If I force the coupling of the two, I must ship to the stores what I receive weekly, but then now I can't take advantage of statistical aggregation either, the main reason for DC!

Cross docking is precisely the coupling of receiving and shipping. See how in this article about cross docking system is described as one that reduces storage at the DC to less than 24 hours.

In other words, cross docking is a practice that destroys the value of aggregation and generates excess inventories and out-of-stocks at the points of sale.

Let's put some numbers

In a retail chain, the gross margin on each product can be 30% or more. The higher it is, the greater the effect.

The effect of out-of-stocks on sales is asymmetric, as we know from the Pareto principle. The 80/20, remember? That is, if we go from zero out-of-stocks to 5% out-of-stocks (which is extremely conservative), the sales we will lose are 15% or more. I have already told the real experience of a manufacturer that by reducing 5% out-of-stocks increased sales by 40%. Let's calculate with 15%.

If our chain, with no out-of-stocks, sells 100, the total margin will be 30. If it has a 10% profit on sales, that gives 10, so we know that our total operating expense is 20.

By reducing sales by 15%, we will have a total margin of 85 x 30% = 25.5, i.e., profits reduced to 5.5. To compensate for this loss of 4.5, the total expense would have to be reduced by more than 4.5, which represents ~ 23%.

Unless the savings from cross docking exceed 23% of the total expense (which includes all salaries, leases, energy, etc.), this is very bad business.

Cross docking goes against the primary objective of the system, which is to facilitate flow.

Why hasn't anyone noticed this and continue doing cross docking?

The description I made of the system, with weekly supply frequency to the DC and daily distribution to the stores is the practice proposed by Goldratt. But this is not done either, and most companies do not know how to take advantage of their DC other than to save transportation costs, in addition to saving the chaos of receiving many different trucks at each store.

As the practice today is wrong, cross docking effectively improves the current operation. Remember Drucker: "Doing the right things wrong is much better than doing the wrong things right.

In these circumstances, where the prevailing practice is to misuse DC, one can indeed say that cross docking has the benefits listed in the article already cited.

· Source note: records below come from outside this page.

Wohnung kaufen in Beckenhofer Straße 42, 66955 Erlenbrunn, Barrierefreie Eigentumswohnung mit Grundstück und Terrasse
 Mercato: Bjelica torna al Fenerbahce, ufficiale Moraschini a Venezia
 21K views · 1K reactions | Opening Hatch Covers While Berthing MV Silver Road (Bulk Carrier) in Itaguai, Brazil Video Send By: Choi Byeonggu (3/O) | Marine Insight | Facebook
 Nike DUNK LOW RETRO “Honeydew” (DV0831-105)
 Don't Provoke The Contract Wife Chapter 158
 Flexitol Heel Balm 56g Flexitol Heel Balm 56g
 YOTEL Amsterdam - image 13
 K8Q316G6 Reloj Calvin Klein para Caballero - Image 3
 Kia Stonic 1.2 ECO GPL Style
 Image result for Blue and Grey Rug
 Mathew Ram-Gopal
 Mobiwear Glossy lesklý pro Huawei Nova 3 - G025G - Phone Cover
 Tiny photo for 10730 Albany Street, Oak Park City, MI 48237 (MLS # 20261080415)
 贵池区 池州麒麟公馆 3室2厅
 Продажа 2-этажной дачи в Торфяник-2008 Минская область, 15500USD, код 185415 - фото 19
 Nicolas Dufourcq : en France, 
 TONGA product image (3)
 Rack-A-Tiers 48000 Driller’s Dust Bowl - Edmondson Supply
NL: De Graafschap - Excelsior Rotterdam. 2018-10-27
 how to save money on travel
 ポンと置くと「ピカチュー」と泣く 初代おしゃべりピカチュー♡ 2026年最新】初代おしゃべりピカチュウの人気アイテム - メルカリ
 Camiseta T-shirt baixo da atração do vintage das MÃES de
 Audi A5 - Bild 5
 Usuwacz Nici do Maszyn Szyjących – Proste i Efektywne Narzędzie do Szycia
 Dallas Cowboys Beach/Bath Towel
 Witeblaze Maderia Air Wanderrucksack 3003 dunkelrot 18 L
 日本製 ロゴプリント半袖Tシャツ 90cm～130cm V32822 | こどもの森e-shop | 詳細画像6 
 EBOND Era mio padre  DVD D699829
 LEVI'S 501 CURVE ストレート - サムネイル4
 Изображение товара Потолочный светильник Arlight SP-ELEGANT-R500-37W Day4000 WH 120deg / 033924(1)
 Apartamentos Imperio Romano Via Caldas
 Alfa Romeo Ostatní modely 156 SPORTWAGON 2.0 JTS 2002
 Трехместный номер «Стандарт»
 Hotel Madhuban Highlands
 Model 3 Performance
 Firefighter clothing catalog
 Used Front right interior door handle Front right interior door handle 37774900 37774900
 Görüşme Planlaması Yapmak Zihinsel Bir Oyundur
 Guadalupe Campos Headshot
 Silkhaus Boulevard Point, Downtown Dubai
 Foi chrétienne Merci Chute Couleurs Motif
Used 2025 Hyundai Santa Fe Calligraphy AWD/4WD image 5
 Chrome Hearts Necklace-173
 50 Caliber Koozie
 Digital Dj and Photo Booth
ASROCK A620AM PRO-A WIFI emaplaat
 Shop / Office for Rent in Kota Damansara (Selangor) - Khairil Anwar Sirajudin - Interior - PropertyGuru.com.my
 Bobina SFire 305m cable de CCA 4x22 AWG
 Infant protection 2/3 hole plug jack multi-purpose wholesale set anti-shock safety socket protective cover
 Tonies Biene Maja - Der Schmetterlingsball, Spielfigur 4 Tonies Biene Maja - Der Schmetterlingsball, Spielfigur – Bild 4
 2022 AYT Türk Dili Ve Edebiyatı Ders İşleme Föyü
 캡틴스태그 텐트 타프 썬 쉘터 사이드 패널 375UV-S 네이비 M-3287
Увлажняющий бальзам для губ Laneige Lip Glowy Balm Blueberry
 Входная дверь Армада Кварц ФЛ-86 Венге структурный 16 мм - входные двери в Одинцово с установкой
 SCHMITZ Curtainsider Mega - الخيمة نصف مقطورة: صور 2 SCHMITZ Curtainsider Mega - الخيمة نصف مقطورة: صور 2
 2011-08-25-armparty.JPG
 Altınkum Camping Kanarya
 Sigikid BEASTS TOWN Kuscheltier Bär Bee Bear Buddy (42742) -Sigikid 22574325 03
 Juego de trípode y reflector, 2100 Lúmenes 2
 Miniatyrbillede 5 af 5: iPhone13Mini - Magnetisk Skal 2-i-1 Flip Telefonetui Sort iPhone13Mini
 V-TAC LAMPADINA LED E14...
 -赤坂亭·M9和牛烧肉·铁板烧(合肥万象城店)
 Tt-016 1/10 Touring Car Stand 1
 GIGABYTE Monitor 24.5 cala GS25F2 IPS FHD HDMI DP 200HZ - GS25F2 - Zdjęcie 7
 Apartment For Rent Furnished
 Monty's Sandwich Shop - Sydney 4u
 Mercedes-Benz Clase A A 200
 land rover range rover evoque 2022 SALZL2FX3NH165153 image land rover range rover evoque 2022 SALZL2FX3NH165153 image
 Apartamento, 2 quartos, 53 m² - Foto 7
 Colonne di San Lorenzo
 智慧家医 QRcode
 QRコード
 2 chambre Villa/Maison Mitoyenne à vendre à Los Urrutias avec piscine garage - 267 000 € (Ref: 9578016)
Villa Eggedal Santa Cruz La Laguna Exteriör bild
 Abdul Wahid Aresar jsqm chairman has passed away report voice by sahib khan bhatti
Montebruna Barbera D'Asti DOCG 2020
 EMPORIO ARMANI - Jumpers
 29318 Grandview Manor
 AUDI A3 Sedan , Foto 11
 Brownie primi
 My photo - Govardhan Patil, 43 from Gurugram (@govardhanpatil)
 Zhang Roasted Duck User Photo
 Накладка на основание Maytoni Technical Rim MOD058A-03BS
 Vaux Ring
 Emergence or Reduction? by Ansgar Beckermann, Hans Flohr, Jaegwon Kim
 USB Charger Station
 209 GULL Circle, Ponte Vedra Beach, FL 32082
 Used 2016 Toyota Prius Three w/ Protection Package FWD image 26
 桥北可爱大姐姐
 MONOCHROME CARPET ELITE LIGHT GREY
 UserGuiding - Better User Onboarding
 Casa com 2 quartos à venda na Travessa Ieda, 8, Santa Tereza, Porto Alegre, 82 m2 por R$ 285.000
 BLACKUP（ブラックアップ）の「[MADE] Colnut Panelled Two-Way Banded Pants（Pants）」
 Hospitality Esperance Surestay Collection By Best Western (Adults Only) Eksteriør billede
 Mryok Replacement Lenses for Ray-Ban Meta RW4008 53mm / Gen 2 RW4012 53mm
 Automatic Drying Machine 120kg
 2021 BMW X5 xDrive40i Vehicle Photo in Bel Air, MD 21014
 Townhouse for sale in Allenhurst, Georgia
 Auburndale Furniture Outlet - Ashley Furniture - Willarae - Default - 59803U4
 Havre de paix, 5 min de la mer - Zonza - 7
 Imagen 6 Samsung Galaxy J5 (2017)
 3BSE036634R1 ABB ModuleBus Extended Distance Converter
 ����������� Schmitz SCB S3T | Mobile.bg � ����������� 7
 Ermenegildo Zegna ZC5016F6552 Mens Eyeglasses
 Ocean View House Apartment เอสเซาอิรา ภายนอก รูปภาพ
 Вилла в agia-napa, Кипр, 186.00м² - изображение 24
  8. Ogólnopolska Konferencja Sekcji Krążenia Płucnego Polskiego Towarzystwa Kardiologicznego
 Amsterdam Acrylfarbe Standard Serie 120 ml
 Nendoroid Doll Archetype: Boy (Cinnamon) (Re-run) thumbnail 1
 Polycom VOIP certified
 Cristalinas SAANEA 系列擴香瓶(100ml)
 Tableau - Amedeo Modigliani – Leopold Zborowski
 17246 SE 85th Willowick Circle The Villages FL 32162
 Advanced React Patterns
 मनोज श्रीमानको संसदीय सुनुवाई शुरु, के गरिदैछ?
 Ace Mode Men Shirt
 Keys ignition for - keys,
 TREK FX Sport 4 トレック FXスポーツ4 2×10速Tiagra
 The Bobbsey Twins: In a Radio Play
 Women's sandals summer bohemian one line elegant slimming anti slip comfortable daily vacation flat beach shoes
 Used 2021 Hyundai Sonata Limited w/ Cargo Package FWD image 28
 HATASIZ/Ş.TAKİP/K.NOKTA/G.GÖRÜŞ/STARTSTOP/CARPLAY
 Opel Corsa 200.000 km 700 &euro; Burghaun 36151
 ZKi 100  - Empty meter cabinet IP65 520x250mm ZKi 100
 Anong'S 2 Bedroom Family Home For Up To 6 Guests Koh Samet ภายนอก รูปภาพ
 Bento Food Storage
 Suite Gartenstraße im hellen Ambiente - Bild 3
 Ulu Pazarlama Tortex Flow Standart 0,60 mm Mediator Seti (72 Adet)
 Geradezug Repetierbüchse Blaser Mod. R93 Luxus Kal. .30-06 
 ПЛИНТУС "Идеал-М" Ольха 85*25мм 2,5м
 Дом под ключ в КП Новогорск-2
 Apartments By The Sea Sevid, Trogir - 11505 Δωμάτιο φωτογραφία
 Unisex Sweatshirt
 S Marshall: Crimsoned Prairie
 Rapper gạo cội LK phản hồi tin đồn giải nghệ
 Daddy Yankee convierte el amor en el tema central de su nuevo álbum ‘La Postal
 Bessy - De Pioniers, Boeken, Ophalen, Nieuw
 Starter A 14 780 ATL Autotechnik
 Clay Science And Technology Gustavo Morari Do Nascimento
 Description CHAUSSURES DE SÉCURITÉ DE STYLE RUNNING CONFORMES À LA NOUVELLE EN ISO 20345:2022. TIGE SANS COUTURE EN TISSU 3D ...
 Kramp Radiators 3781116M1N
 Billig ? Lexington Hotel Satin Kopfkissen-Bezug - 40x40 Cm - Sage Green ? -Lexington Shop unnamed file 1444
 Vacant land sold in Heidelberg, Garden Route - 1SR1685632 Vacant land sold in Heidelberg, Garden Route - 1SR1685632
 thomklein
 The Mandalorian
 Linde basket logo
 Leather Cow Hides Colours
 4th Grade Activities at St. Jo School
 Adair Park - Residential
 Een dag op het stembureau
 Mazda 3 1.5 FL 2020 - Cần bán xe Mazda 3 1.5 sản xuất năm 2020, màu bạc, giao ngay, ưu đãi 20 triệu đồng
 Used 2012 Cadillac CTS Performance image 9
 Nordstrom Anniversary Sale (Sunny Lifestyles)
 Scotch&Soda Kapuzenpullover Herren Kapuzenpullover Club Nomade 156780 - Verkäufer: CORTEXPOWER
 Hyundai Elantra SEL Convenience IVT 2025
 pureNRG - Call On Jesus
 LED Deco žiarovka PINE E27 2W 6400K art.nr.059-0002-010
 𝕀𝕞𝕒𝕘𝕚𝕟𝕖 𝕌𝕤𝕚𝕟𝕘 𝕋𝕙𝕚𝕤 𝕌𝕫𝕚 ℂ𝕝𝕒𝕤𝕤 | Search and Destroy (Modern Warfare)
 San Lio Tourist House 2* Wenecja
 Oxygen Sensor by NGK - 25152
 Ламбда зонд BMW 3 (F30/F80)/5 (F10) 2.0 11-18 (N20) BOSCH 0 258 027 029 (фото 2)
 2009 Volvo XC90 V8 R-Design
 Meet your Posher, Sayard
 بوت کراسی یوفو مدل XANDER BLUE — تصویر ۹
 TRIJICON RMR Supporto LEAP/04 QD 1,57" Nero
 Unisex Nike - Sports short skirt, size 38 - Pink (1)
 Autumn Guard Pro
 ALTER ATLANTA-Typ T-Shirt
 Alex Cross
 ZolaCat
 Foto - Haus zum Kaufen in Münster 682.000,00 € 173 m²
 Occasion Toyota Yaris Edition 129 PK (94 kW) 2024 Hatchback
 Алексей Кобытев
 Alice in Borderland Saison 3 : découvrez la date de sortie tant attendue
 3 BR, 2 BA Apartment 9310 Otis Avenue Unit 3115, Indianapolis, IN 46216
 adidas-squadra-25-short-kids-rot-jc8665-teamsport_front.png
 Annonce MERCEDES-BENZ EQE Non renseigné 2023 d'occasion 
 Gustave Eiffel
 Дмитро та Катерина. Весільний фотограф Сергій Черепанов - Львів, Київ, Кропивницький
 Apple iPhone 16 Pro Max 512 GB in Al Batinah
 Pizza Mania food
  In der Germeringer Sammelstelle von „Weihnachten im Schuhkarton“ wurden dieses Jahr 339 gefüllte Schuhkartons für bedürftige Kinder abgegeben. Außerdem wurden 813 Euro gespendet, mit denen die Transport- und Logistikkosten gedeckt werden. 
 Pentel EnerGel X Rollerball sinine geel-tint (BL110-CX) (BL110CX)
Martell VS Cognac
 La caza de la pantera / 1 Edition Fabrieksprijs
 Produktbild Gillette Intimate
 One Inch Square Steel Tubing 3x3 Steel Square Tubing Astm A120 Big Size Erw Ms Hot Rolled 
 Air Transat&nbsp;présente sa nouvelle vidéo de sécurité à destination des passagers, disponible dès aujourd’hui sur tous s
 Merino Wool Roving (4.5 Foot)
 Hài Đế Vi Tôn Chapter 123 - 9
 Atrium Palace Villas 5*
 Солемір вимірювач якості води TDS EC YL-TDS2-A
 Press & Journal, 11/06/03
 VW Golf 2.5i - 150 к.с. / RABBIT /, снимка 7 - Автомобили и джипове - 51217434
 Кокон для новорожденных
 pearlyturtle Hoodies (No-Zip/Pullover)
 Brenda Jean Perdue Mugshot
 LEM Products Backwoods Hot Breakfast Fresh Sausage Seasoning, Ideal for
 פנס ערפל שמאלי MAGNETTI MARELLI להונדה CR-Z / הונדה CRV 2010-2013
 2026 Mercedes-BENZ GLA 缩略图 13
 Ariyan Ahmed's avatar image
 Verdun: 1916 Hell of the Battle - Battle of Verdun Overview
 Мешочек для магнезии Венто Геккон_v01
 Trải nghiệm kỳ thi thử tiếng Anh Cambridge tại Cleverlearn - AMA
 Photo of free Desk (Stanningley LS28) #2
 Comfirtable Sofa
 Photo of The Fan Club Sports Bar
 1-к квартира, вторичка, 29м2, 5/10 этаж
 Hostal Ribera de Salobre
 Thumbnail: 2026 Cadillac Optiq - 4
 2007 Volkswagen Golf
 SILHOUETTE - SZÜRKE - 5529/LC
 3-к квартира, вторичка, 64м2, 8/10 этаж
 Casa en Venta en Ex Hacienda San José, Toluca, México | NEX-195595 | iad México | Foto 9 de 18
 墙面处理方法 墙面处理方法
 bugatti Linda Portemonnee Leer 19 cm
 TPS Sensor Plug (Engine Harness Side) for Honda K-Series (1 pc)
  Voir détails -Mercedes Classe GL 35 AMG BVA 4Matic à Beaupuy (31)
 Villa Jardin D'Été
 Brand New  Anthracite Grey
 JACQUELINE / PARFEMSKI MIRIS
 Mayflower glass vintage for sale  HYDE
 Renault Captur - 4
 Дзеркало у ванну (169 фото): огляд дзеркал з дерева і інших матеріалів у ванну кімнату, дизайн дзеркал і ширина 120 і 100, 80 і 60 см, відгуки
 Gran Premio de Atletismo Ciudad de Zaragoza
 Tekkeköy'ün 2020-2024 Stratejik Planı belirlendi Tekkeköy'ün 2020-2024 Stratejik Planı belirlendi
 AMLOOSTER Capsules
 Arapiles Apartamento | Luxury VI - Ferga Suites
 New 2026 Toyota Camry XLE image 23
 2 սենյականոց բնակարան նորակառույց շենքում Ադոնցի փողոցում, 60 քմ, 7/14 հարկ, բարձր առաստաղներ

But the article also says that implementing cross docking requires investment and commitment from the teams. In other words, if you have already implemented it, it may be more difficult to get out of this permanent situation of out-of-stocks in stores and excess inventory.

I'm going to make a speculation as to why someone came up with cross docking. I guess it was mimicking the hub or hub system of passenger flights, where it is much more efficient for the airline to make a stopover than to make direct flights between all its destinations. In effect, if I have multiple destinations and they can all also be origins, but every day there is a different amount of passengers wanting to go from one place to another, the most efficient thing to do is to bring the passengers to a hub, where all the passengers going to a destination from various origins are put together in a few flights. This is again statistical aggregation.

That flight system would be more efficient if passengers agreed to wait a week in a hotel at the hub, but I'm afraid I wouldn't do that. That's why the hub is not a DC that accumulates inventory. But products do not complain and in that case we can apply what I explained in previous paragraphs.

Conclusions

Again, a reality check helps you understand: go into a store with a shopping list (including products from that store, of course) and see how many times you find everything. If cross docking served any purpose, you would find what you need more times and not see so much inventory piling up, to the point where several of those products expire or become obsolete.

Many of the industry's "best practices" such as academic program content are wrong. Going back to basics allows us to better understand our business. Cross docking promises to reduce costs, but let me ask you a question: what is your company in business for, to make money or to save money? The good news is that doing the right thing is simpler and much more profitable.